Our bodies produce and regulate many important hormones while we sleep. Continuous interruption of sleep stops that process along with impairing cognitive functions. There are many health complication associated with OSA including: Obesity, Hypertension, Depression, Diabetes, Cardiovascular disease, Cerebral Vascular Disease (stroke), and excessive sleepiness.
- 70% of heart attack patients, 65% of stroke patients, and 48% of type II diabetes patients have OSA.
Risk factors for developing Obstructive Sleep Apnea increase with age and weight. Other risk include Hyperthyroidism, the use of sedative-hypnotic drugs, and being male. Men are 5-10 times more likely to have OSA than women.
Obstructive Sleep Apnea can only be diagnosed with a sleep study. Until recently sleep studies required the patient to go to a sleep center but now they can be done in your own home. Dr Philipp can help you set up an at home sleep study.
Routinely the individual with obstructive sleep apnea is not the first to notice the signs. OSA often is initially perceived by someone who watches the patient sleep. However, numerous individuals who have OSA have no sleep grumblings or signs.
The most well-known sign of Obstructive Sleep Apnea is snoring or labored or irregular breathing while asleep. Other signs or symptoms include: Lack of energy, Morning headaches, Hypertension, Frequent nocturnal urination, Depression, Obesity, Large neck size, Excessive daytime sleepiness (EDS),Gastroesophageal reflux(GE reflux).
Once you have completed a sleep study and have been diagnosed with Obstructive Sleep Apnea you have multiple treatment options. There is a surgical option; it is very painful and has had only limited success. There is a machine call a CPAP which is 99% effective at treating OSA. However, 75% of patients do not tolerate the CPAP machine. The CPAP consists of a mask you strap to your face while you are sleeping and the machine blows air under positive pressure through your airway. It is very uncomfortable and the machine is very noisy often causing restless sleep for anyone in the same room. Also, you must sleep on your back and hold perfectly still or you will break the seal on the mask and the CPAP will not be effective.

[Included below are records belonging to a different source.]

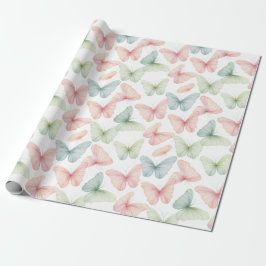 Pastel Butterfly Wrapping Papper Presentpapper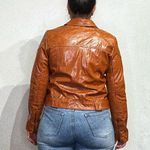 Free People Brown Josie Vegan Leather Moto Jacket Sz M NWT Photo 11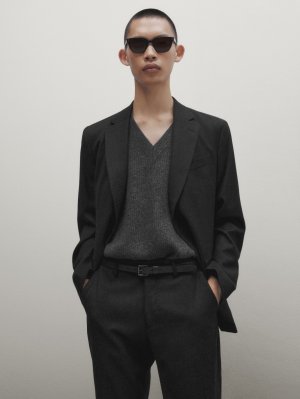 Серый фланелевый костюмный пиджак , Massimo Dutti
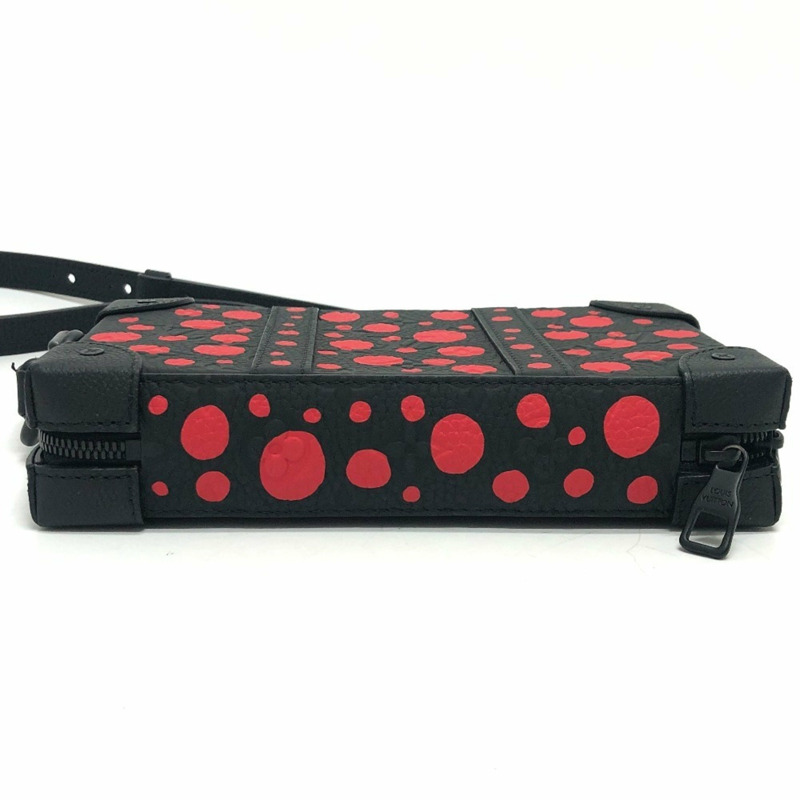 LOUIS VUITTON M81905 Monogram Dot Soft Trunk 皮夾 LV x YK Taurillon 皮革單肩包，男士，黑色-6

Patients with mild to moderate OSA could use a dental appliance to open their airway instead of the CPAP machine. The appliances work by physically moving the tissues causing the obstruction out of the way. There are many kinds of appliances available so only a dentist who is trained in treating Obstructive Sleep Apnea patients can determine the best one for you. Wearing your appliance is similar to wearing a night guard or retainers. Patients with severe OSA cannot use a dental appliance as a replacement for a CPAP but they can use a dental appliance in conjunction to lessen the negatives associated with the use of a CPAP.